*PROBLEM DETAILS*: The answer must be an exact copy of the lines from the one with "Chanel CC Yen" to the last line of the entries below, both included, and must contain no pictures.

(Scraped caption text data)

□ □ □ □ □ □ □

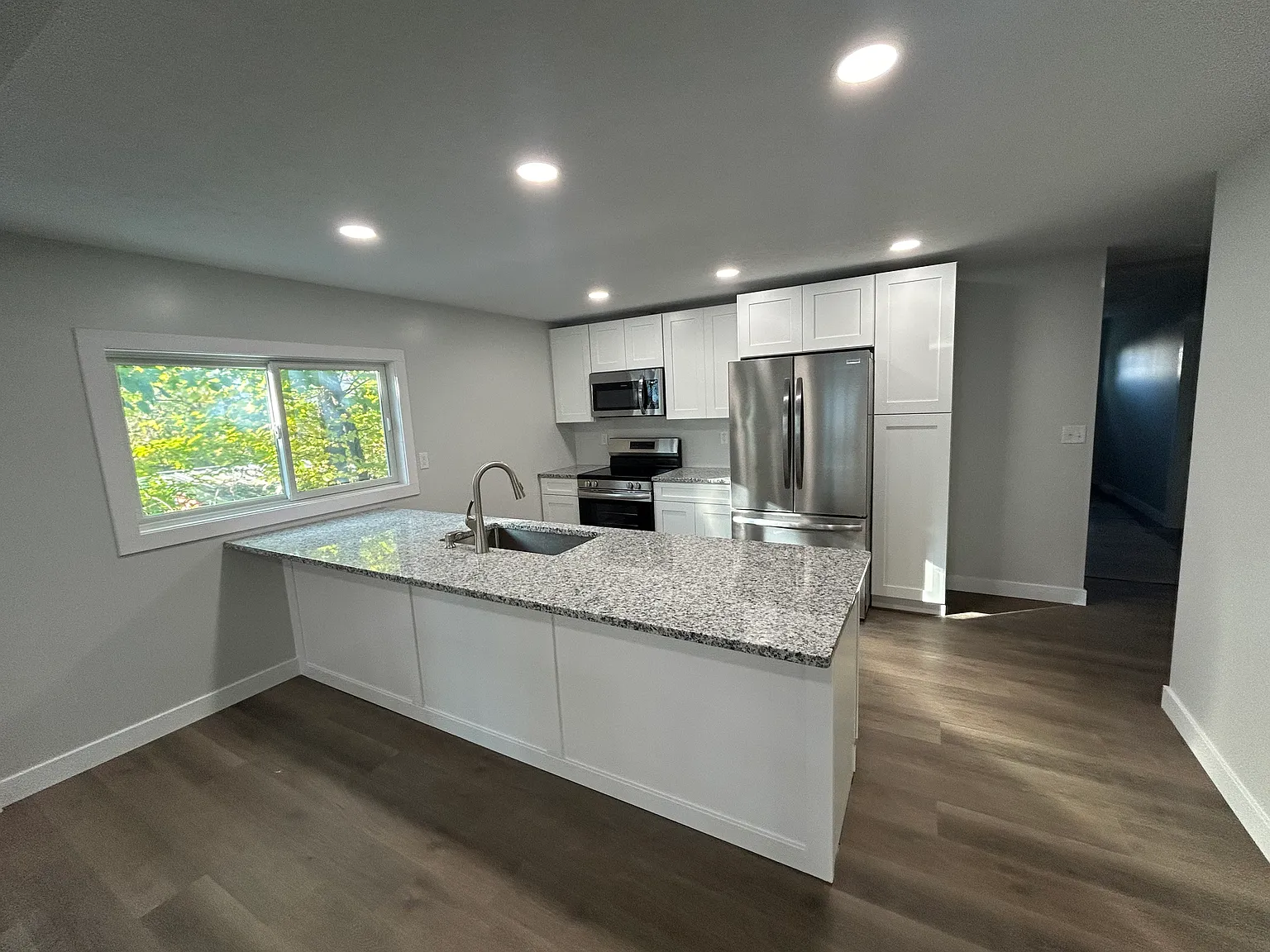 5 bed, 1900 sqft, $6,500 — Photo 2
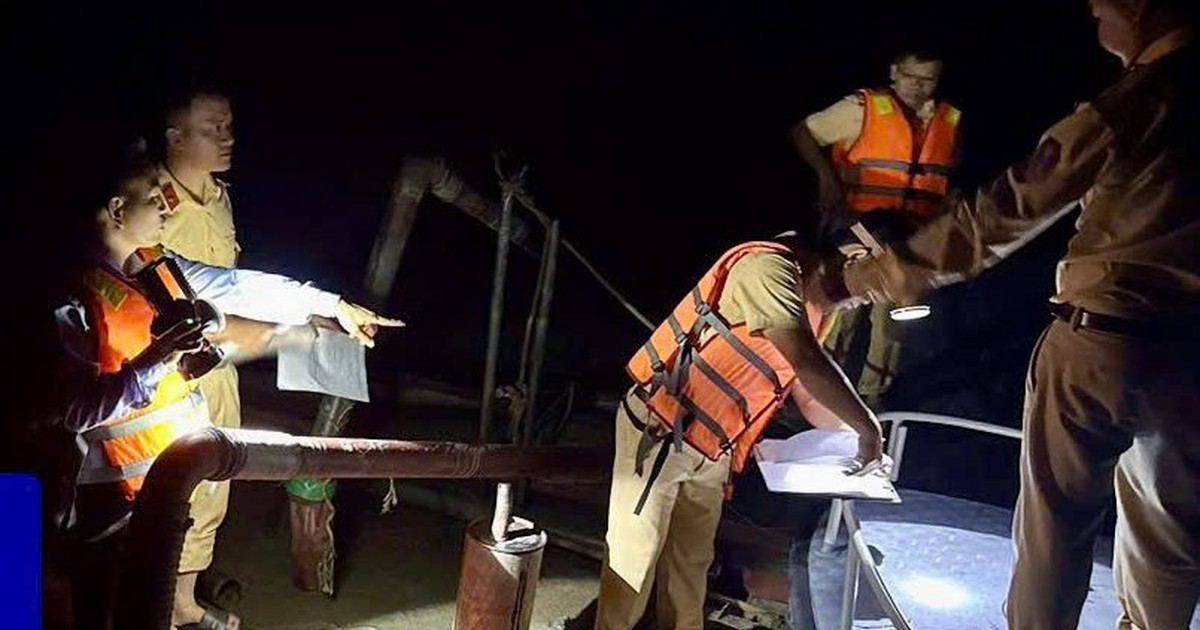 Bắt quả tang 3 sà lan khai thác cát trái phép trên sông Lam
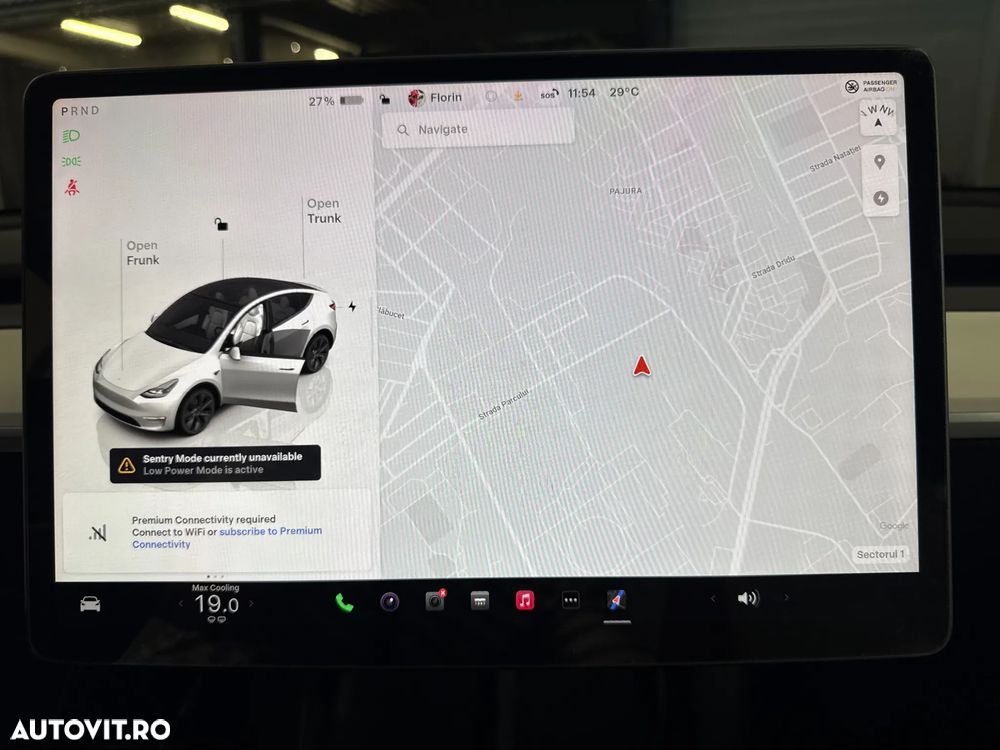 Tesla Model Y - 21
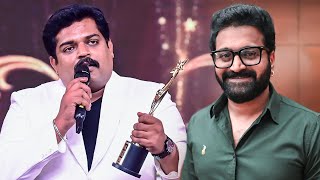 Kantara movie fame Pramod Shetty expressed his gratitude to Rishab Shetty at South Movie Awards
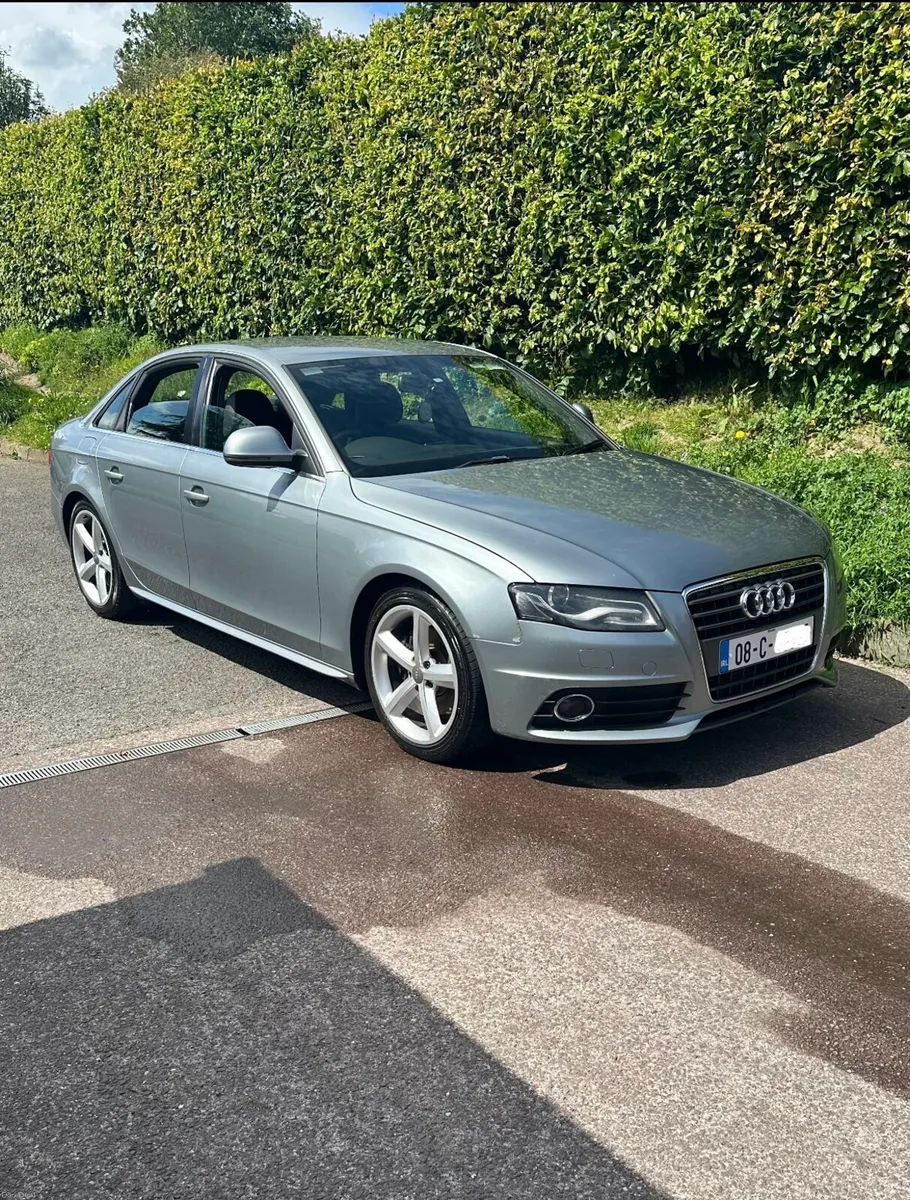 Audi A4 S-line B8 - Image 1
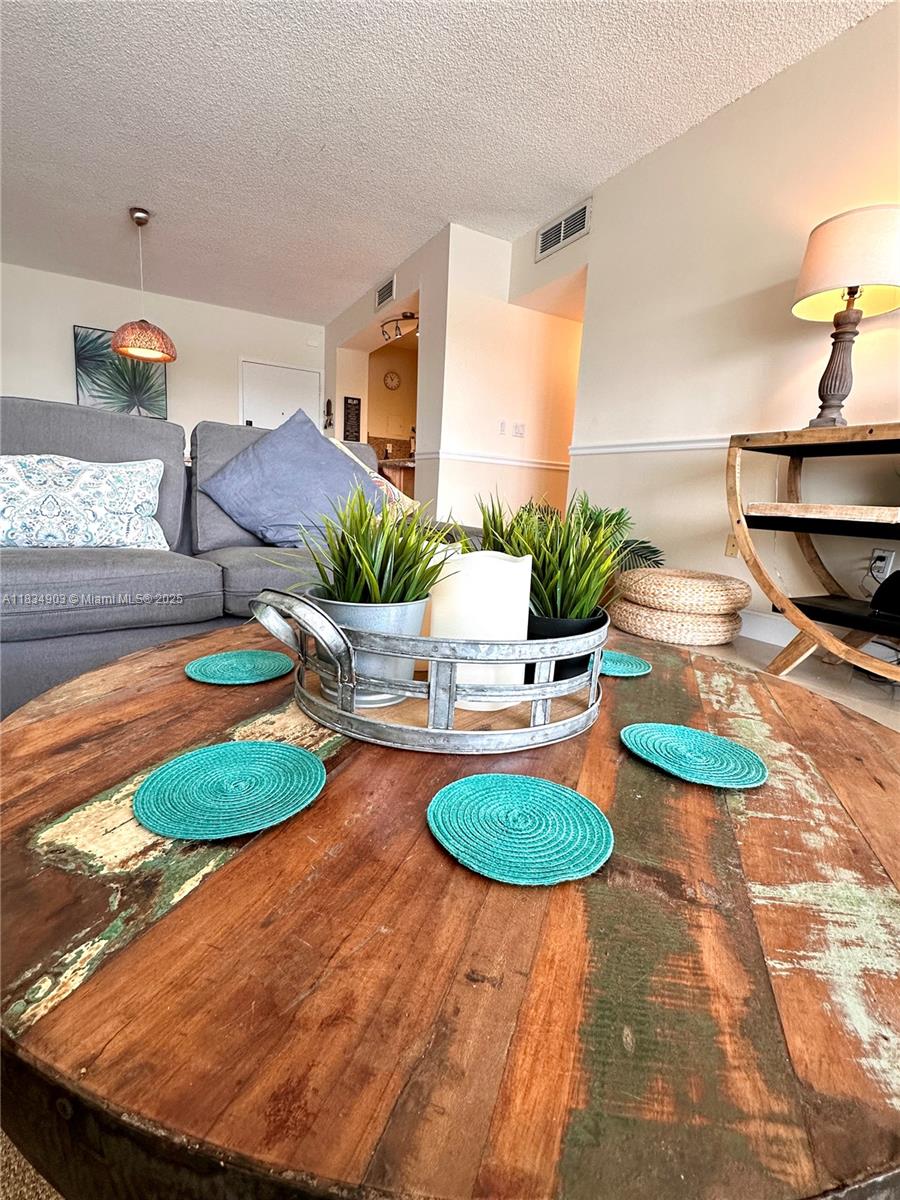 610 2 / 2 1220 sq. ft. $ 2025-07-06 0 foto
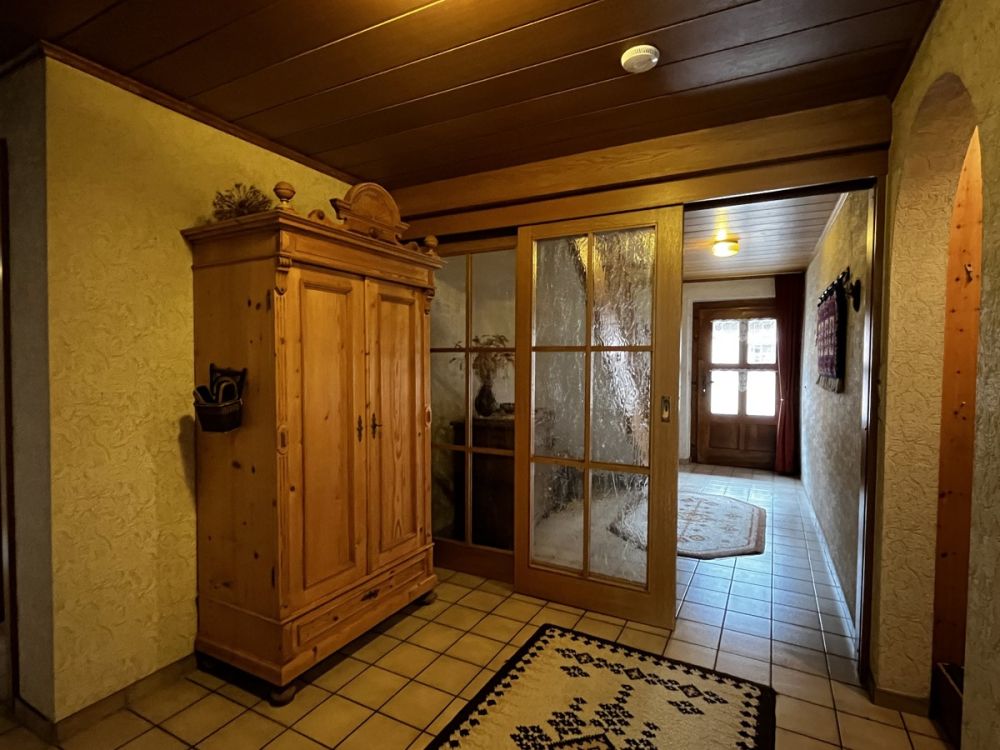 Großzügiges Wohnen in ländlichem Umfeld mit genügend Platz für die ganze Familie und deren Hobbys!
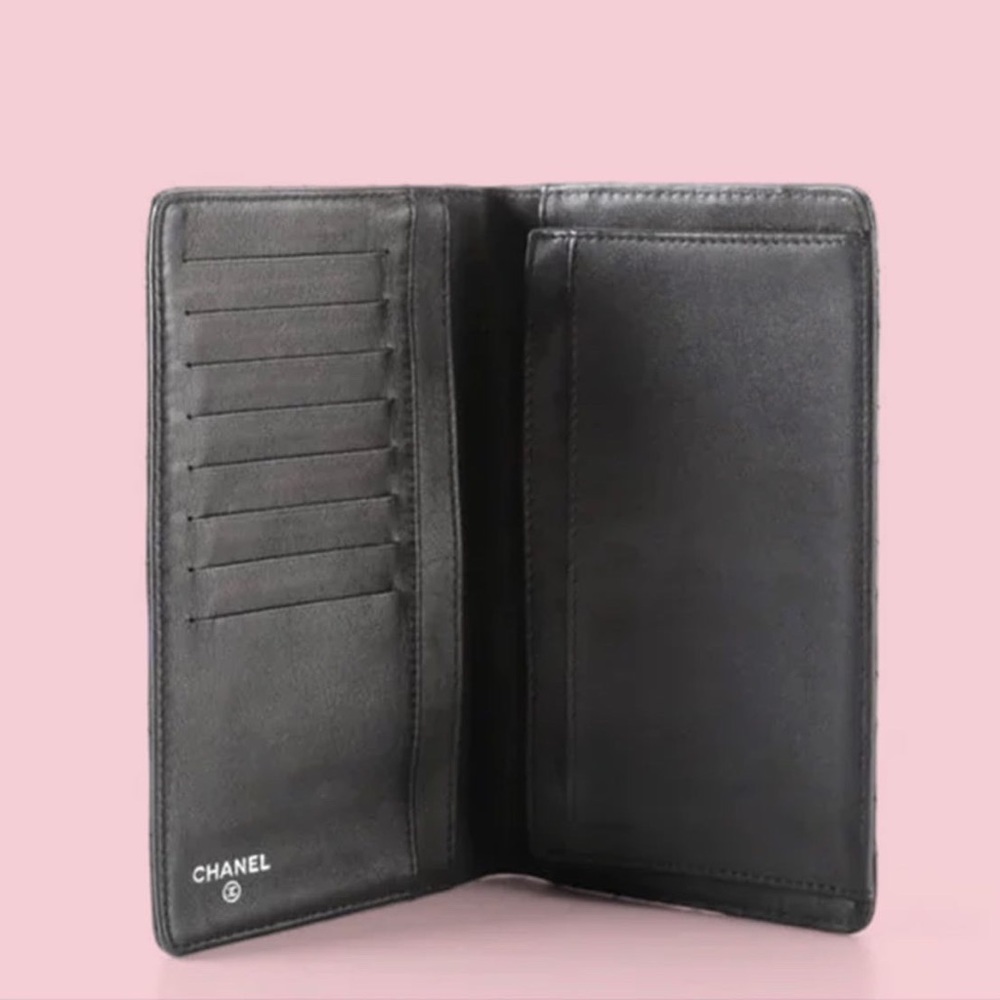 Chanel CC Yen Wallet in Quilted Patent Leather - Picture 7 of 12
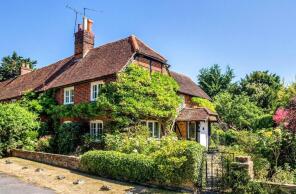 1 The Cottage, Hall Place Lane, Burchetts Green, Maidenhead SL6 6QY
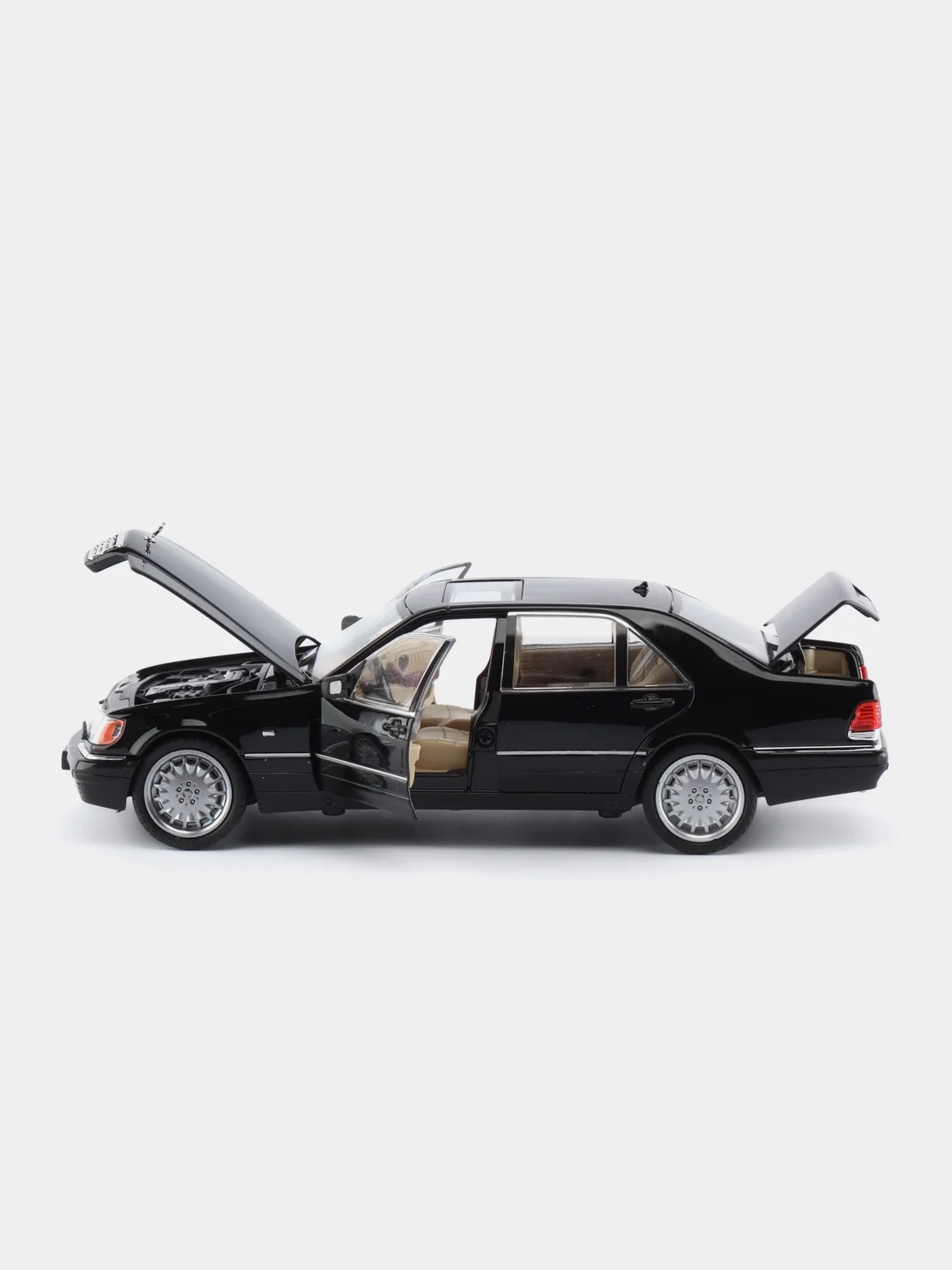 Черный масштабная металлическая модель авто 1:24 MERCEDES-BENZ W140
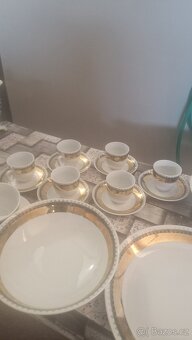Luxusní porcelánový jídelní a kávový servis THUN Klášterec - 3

□ □ □ □ □ □ □

*RESPONSE TO THIS EXERCISE*:
 Chanel CC Yen Wallet in Quilted Patent Leather - Picture 7 of 12
 1 The Cottage, Hall Place Lane, Burchetts Green, Maidenhead SL6 6QY
 Черный масштабная металлическая модель авто 1:24 MERCEDES-BENZ W140
Luxusní porcelánový jídelní a kávový servis THUN Klášterec - 3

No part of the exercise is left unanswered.